In the early 1920s, urban and rural labor leaders opted for a role in the asyet-unconsolidated Mexican state, rejecting the potential for independent action. Tamayo’s solid contribution to the 17-volume series edited by Pablo González Casanova chronicles those years, providing no new hypothesis, but showing more clearly than before how these choices were made.

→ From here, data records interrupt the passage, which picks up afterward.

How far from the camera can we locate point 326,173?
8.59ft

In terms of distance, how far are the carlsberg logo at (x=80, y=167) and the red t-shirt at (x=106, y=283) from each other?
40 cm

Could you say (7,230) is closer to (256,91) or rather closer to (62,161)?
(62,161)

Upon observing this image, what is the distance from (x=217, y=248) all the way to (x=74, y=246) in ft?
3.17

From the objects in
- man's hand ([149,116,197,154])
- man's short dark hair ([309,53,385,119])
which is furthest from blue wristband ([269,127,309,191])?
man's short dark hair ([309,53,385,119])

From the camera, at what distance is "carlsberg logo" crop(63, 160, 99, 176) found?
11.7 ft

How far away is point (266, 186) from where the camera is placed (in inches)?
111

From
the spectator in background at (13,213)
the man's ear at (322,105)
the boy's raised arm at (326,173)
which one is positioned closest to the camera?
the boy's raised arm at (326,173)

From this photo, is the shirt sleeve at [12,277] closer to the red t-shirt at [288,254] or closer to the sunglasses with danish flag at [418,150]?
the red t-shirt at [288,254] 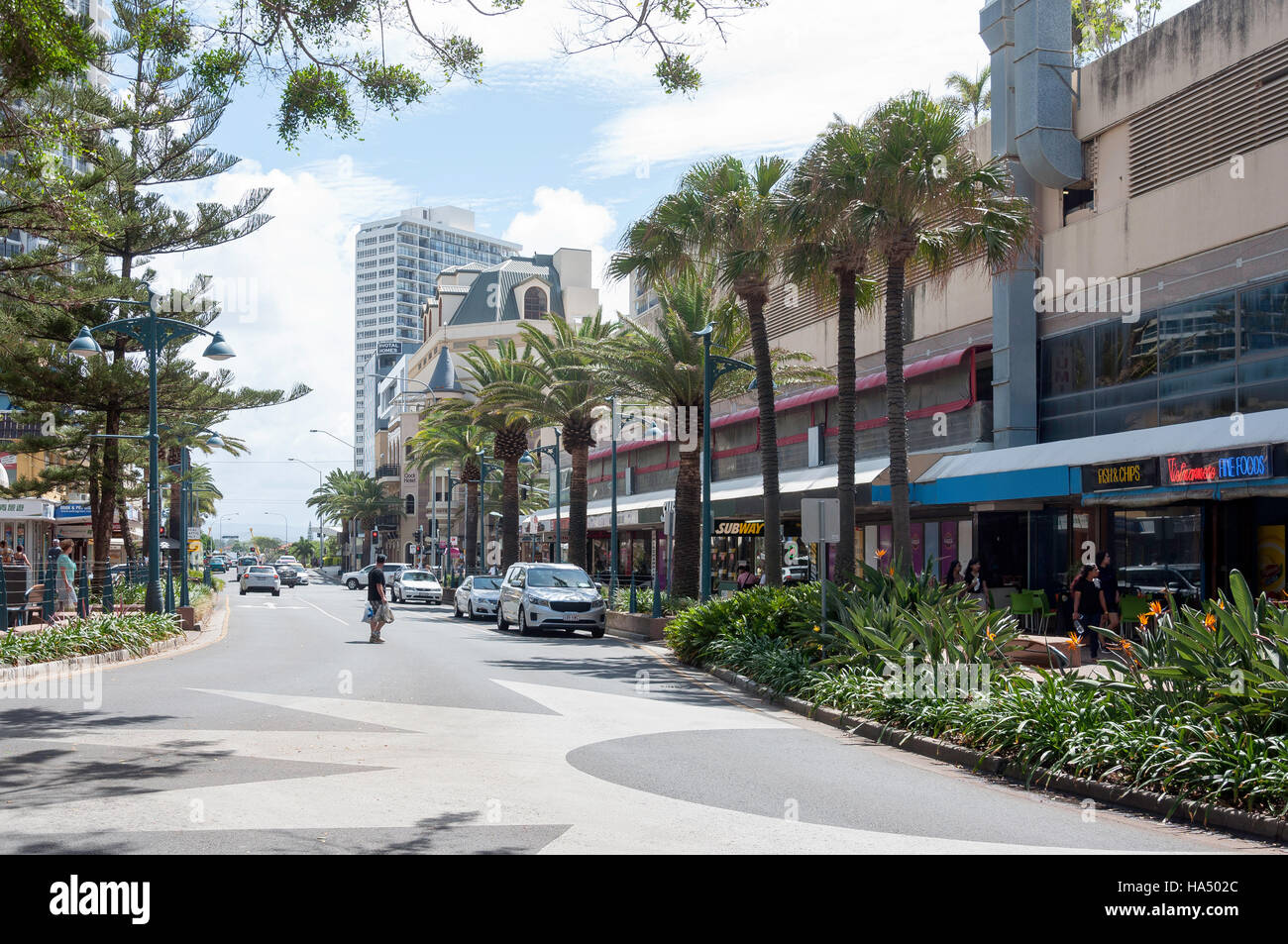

Using extensive secondary sources and newspaper accounts, Tamayo describes the origins, structure, ideology, and institutional relationships of the major labor organizations of the day. Among the latter, the most important were the collaborating Regional Confederation of Mexican Workers, the faction-ridden, anarcho-syndicalist General Confederation of Workers, and the proclerical, Bolshevikbashing National Catholic Labor Confederation. Tamayo also provides thin but badly needed coverage of labor’s relations with important regional caudillos in Veracruz, Jalisco, Tabasco, and Yucatán. Useful as well, if frustratingly brief, is Tamayo’s overview of industrial working conditions. More comprehensive is the author’s look at labor in the major industries, which, however, does not replace standard works by Marcelo Rodea (railroads), Ramón Ruiz (textiles), Majorie Ruth Clark’s earlier overview, or even memorias by former labor leaders (Araiza, Huitrón, Salazar), most of which Tamayo uses extensively.

Readers looking for broad social history, or interested in the complexities clustered around Mexican economic transformation and the social relations of production will be disappointed. Tamayo like most other authors in this important series, by limiting himself to a particular administration, ensures a political and institutional emphasis, leaving labor’s socioeconomic history virtually untapped. Further, the author ignores most foreign work (unless translated into Spanish), omitting Hall’s article on Obregón’s agrarian policy and Carr’s study of the origins of the Mexican Communist party (whose labor activities received little attention from Tamayo).

On balance, however, Tamayo has done solid work. Moreover, because he is familiar with all sectors of Mexico’s labor history scholarship, Tamayo’s bibliography is useful in itself. Despite his focus, Tamayo has written the most wide-ranging account to date of the labor movement in those critical years.